__Work required__. Return the full listing word for word, but drop every picture from it.

__Supplied material__.
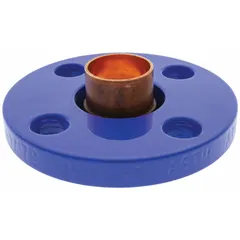 This low-lead cast copper and bronze tube flange features a cup x flange connection, designed for sweat/solder installation. It connects 1 in CTS copper tube to 1 in pipe, suitable for use in plumbing and HVAC systems for potable water, hydronic heating, and industrial fluid handling.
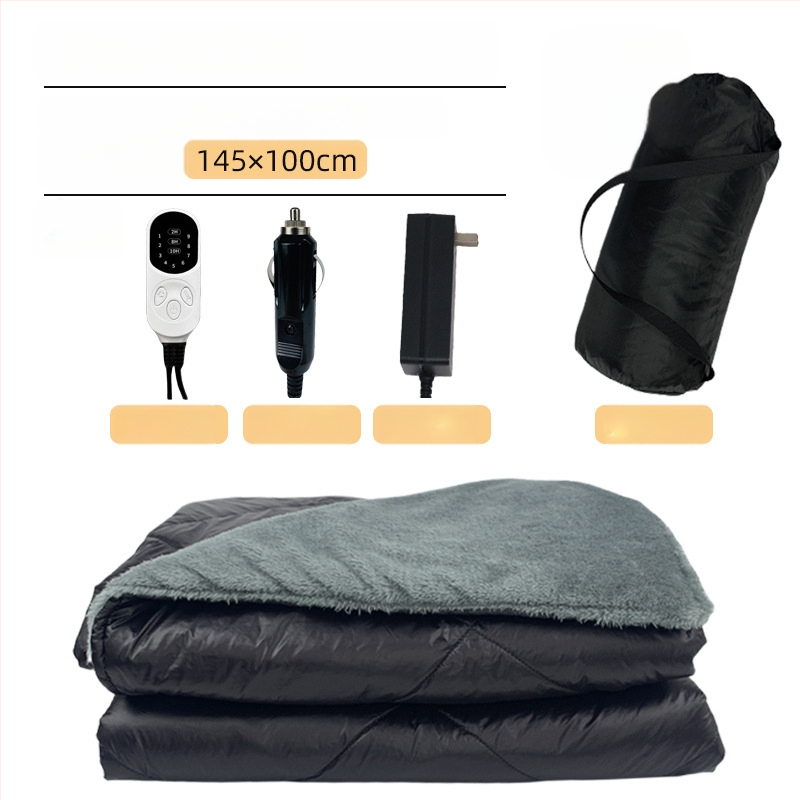 FEBORY 12V automobilių maitinimo elektrinė antklodė, sintetinis pluoštas, modelis TT-100x75-1x, vieno valdiklio, 72W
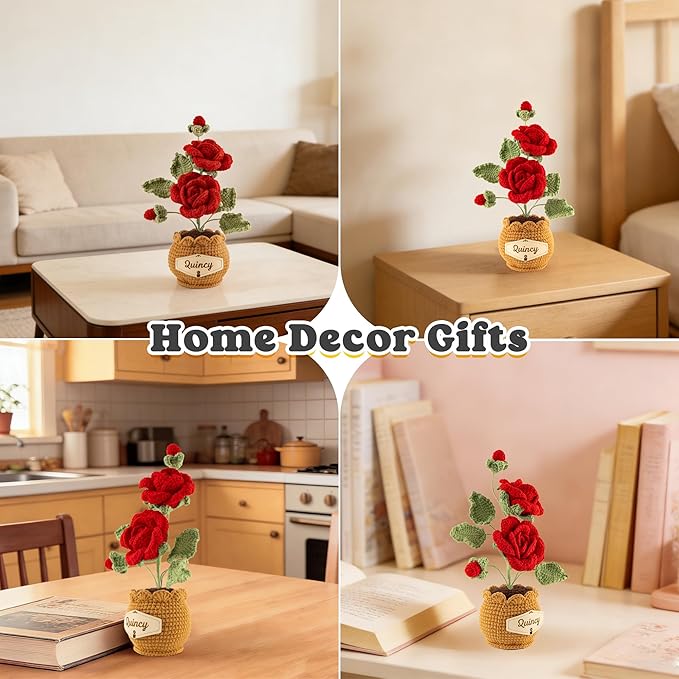 Crochet Flowers with Personalized Leather Name Tag Handmade Knitted Flowers for Home Office Desk Decor Crochet Rose Flower Potted Plant Crochet Gift for Women,Mom,Teacher, Birthday(Red)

__Exercise result__.
 This low-lead cast copper and bronze tube flange features a cup x flange connection, designed for sweat/solder installation. It connects 1 in CTS copper tube to 1 in pipe, suitable for use in plumbing and HVAC systems for potable water, hydronic heating, and industrial fluid handling.
 FEBORY 12V automobilių maitinimo elektrinė antklodė, sintetinis pluoštas, modelis TT-100x75-1x, vieno valdiklio, 72W
 Crochet Flowers with Personalized Leather Name Tag Handmade Knitted Flowers for Home Office Desk Decor Crochet Rose Flower Potted Plant Crochet Gift for Women,Mom,Teacher, Birthday(Red)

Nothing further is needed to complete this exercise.